[Scraped caption text data]
......
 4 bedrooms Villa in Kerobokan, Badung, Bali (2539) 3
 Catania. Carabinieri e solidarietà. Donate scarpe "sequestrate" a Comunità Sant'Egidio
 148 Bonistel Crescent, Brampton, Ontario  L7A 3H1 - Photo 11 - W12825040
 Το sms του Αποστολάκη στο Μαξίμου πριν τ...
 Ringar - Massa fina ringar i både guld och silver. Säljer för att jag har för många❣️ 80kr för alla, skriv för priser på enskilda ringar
......
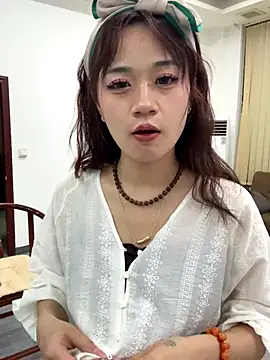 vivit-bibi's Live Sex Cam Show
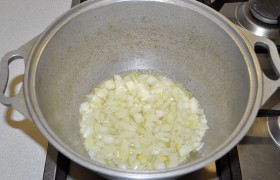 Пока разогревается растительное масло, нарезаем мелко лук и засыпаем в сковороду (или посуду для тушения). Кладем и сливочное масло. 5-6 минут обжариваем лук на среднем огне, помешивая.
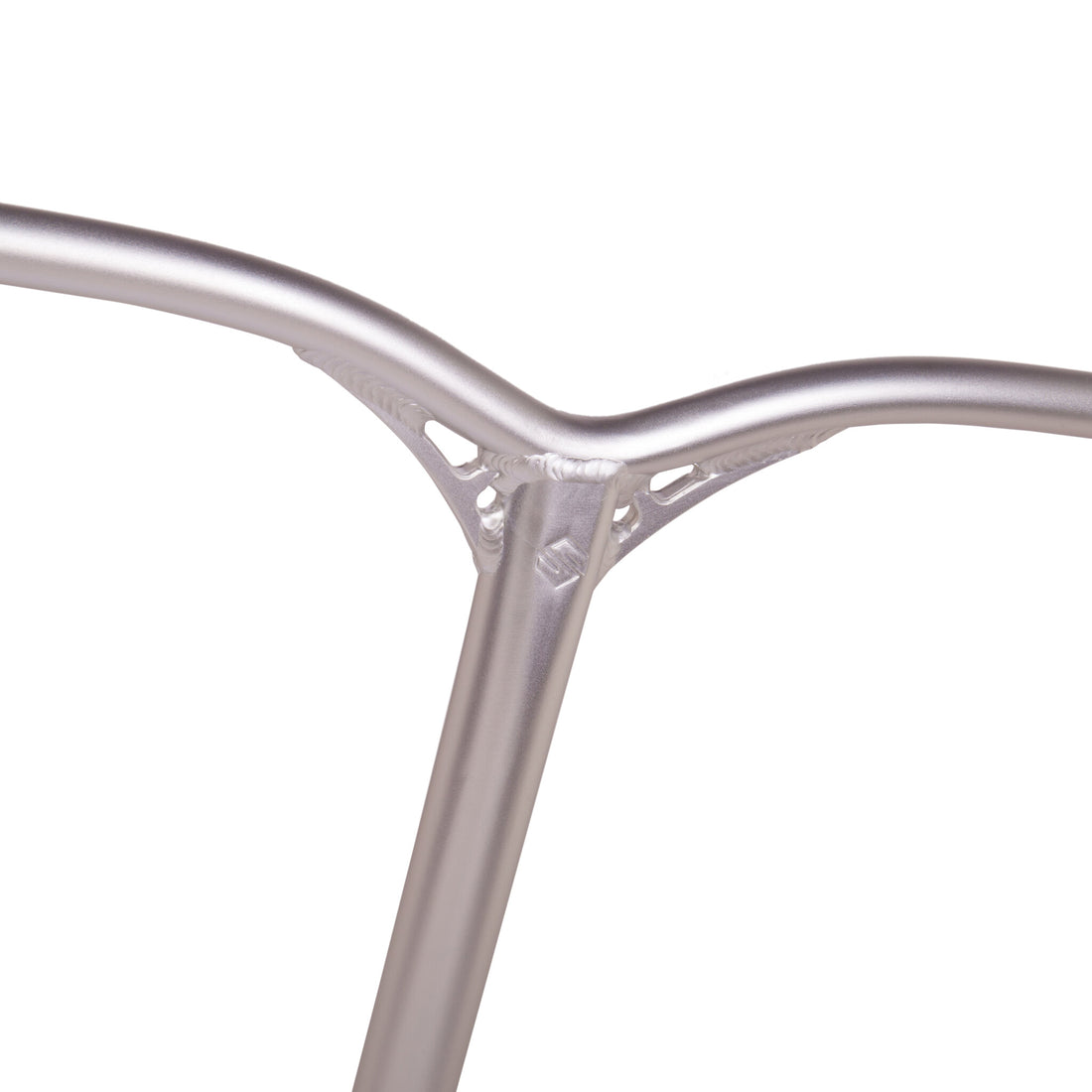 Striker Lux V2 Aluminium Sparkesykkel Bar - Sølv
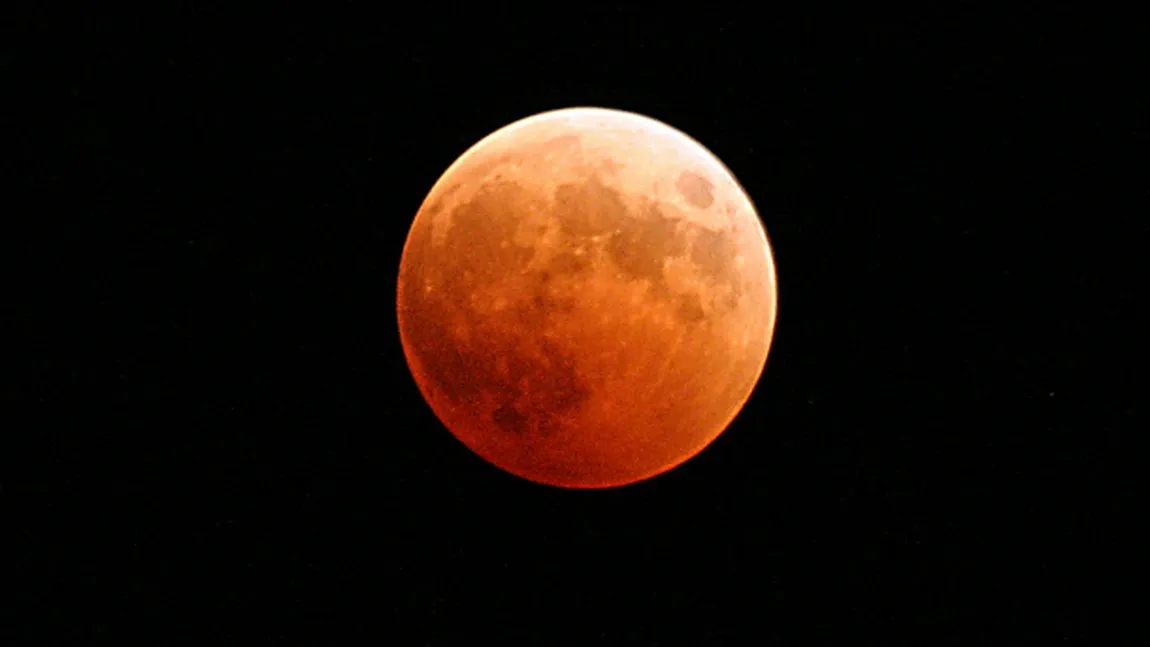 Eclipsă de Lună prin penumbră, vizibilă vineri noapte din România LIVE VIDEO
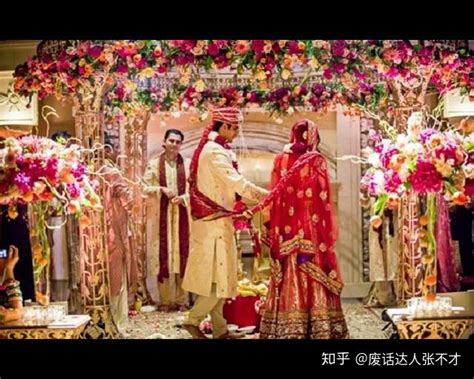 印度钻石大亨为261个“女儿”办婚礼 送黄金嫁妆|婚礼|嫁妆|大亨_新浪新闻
......
**Task instructions**
What are the lines above, starting at the one with "Catania. Carabinieri e" and ending at the one with "Ringar - Massa"? Give them again exactly, and only them.

**Completed task**
 Catania. Carabinieri e solidarietà. Donate scarpe "sequestrate" a Comunità Sant'Egidio
 148 Bonistel Crescent, Brampton, Ontario  L7A 3H1 - Photo 11 - W12825040
 Το sms του Αποστολάκη στο Μαξίμου πριν τ...
 Ringar - Massa fina ringar i både guld och silver. Säljer för att jag har för många❣️ 80kr för alla, skriv för priser på enskilda ringar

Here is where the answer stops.